La fabrication des éléments de la boîte à musique

Fabrication des éléments composant la boîte à musique

La boîte à musique est composée de plusieurs éléments qui reliés bout à bout, permettent de produire une mélodie. Ils sont pour chacun le fruit d'un savoir-faire et une fabrication particulière.
Découvrez comment sont fabriquées les pièces qui composent la boîte à musique.
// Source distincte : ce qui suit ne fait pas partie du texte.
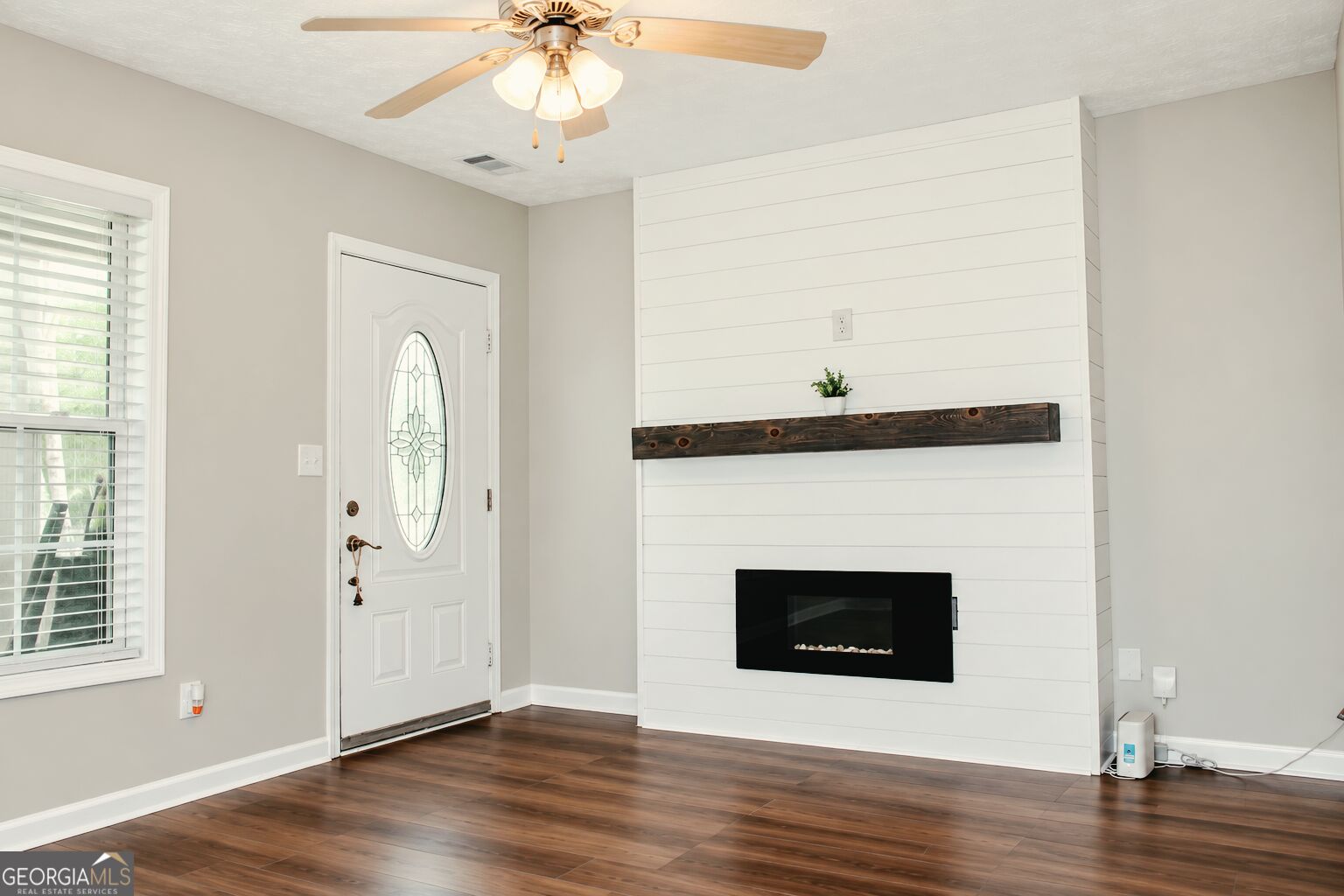 6218 Avery Street Sw Property Photo 4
Une vibration à l'origine de la musique

Le diapason est la base des éléments musicaux. Celui-ci n'est autre qu’une lame vibrante suite à un choc, pour produire un son. Les vibrations obtenues sont plus ou moins rapides en fonction de la longueur de la lame. C'est cette vitesse de vibrations qui fera que les sons seront plus ou moins aigus.

Diapason

C'est avec ce même principe que fonctionnent les boîtes à musique. Le peigne ou clavier est l'élément sonore, composé de plusieurs lames élastiques. Un clavier contient plusieurs lames, qui correspondent chacune à une notre de musique. Celles-ci sont mises en vibration par des goupilles en acier implantées sur un cylindre en laiton qui une fois en rotation produit mélodie. Ce cylindre peut être actionné par un ressort ou directement une manivelle.

La fabrication du clavier

Le clavier est fabriqué à partir d'une bande en acier spécial de haute qualité. Cette bande sera découpée précisément puis fendue et ébavurée, avant d'être accordée. Cette dernière phase est la plus importante.
Viennent ensuite se greffer sous le clavier, des masses en plomb pour aggraver les notes les plus basses.
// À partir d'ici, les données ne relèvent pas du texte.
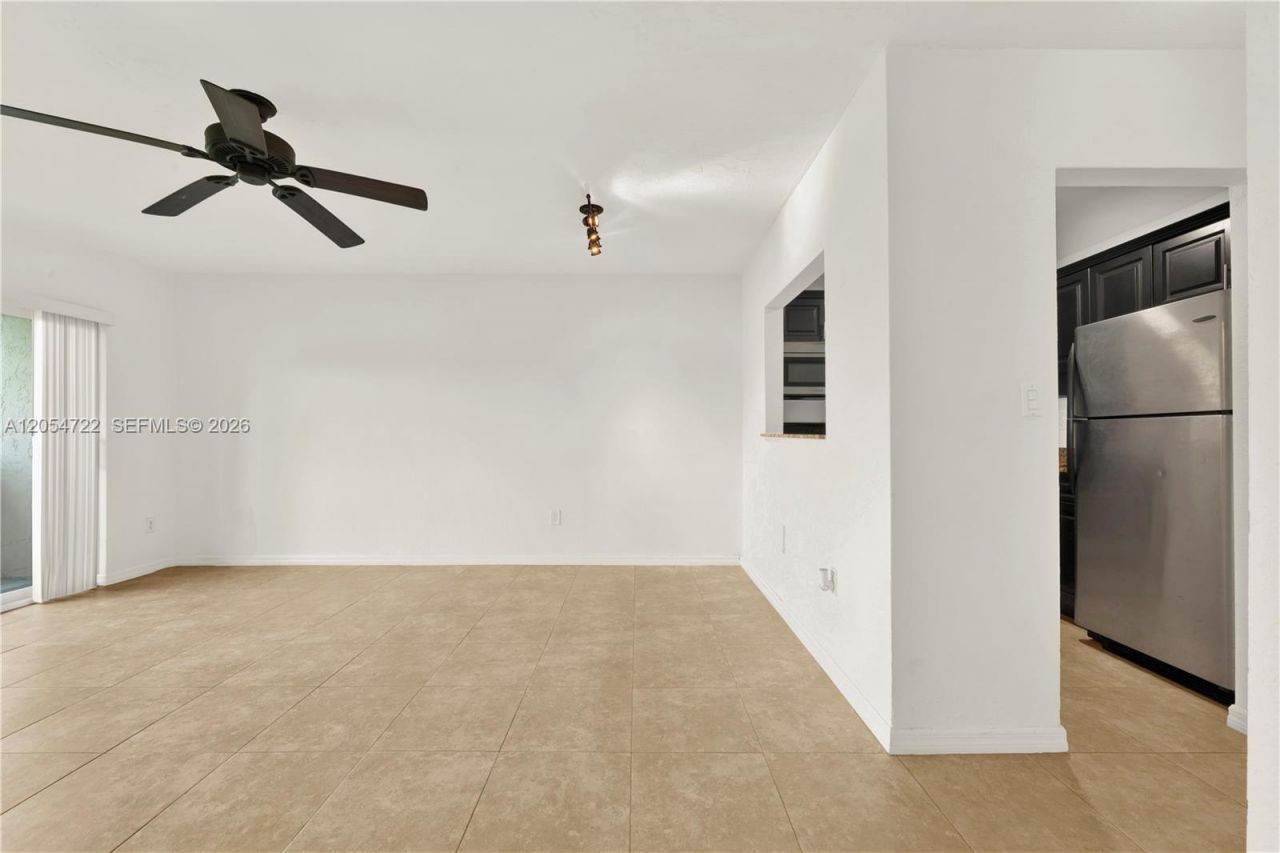 14500 SW 88th Ave , Unit 217, Palmetto Bay, FL 33176 Photo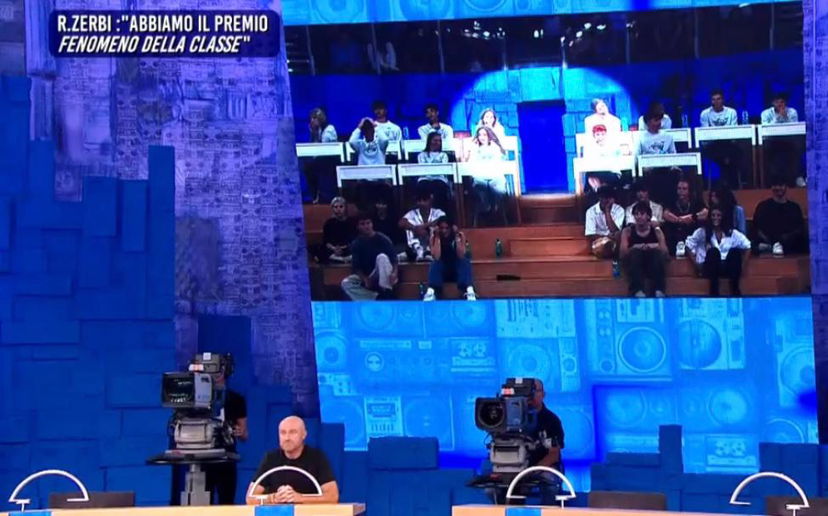 Amici 23, un allievo la spara grossa contro Rudy Zerbi: “Gli faccio un c*lo così!”. Ecco come ha reagito il prof preview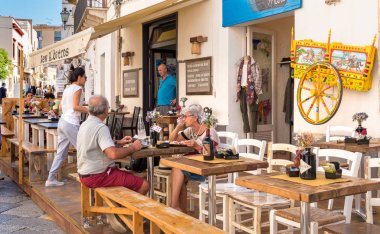 Favignana, Trapani, İtalya - 22 Eylül 2016: turist Merkezi Favignana Adası, restoranda kıyı şeridi zevk üç Aegadian Islands en büyüğü olan.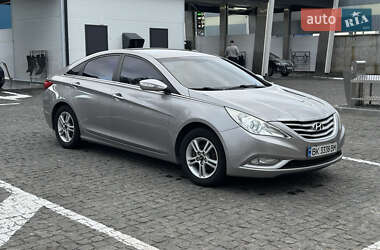 Седан Hyundai Sonata 2010 в Гатне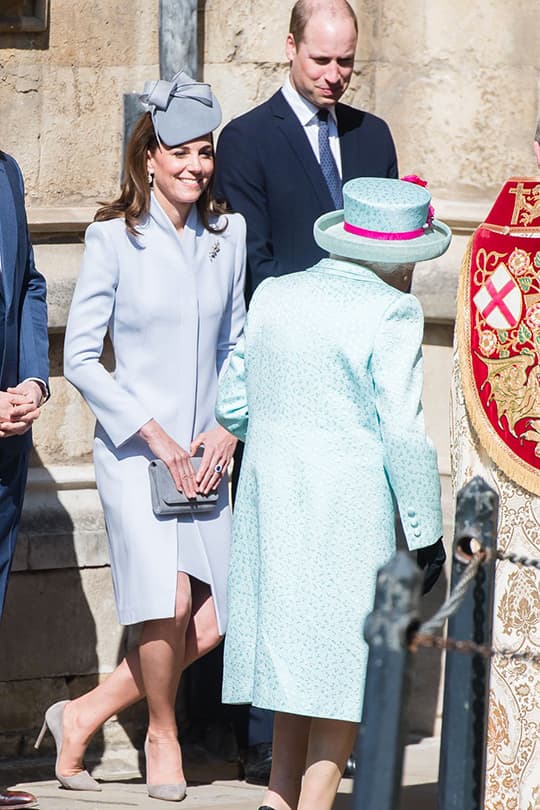 kate-middleton Alexander McQueen blue dress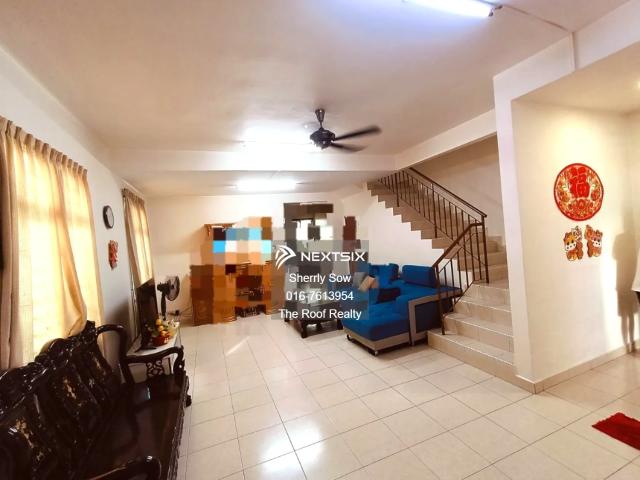 Shop for sale in Johor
L'accordage était autrefois fait à la main. Munis d'une lime, les accordeurs utilisaient un diapason chromatique pour produire chaque note avec précision. A l'heure actuelle, ce sont des machines à commande électronique qui contrôlent les fréquences du clavier.
Pour faire varier le ton à la baisse, il faut meuler la lame à la base. Pour hausser le ton, il faut limer le bout de celle-ci.

 

détail des éléments

La fabrication du cylindre

Le cylindre est usiné dans un tube en laiton. Sa longueur est proportionnelle au nombre de lames du peigne.

Le goupillage consiste a placer de petites pointes dans des trous pré-marqués. Ce travail était au début du siècle passé, exclusivement féminin. Dans les célèbres usines de Sainte- Croix, une goupilleuse qualifiée pouvait planter jusqu'à 800 goupilles a l'heure, pour une rémunération de 10 centimes.

Lorsque le cylindre est goupillé, vient ensuite le gommage. On injecte de la résine à l’intérieur pour maintenir les goupilles et augmenter l'inertie et la sonorité.
Le cylindre est par la suite, bouché aux deux extrémités et traversé par un axe.
Les goupilles subissent un frisage, qui consiste à les raboter toutes à la même longueur.

La dernière étape est le plumage qui permet d'amortir la vibration des lames à l'aide d'étouffoirs. C'est le même principe que sur le piano lorsqu'on actionne la pédale. Si les étouffoirs étaient autrefois fabriqués avec des plumes de poules, ils sont maintenant conçus en plastique.

L'assemblage de la boîte à musique

Une fois que le clavier et le cylindre sont réglés, ils sont assemblés sur une platine. Si le système est manuel, c'est une simple manivelle reliée à un engrenage qui actionnera le cylindre. Si le système est automatique, celui-ci sera actionné par un ressort dont le tempo de la mélodie sera défini par un régulateur de vitesse.
Pour finir, l'ensemble des éléments prendront place dans une boîte afin d'offrir une bonne résonance. Celle-ci est généralement en bois ou en agglomère et peux être gravée ou recouverte de marqueterie.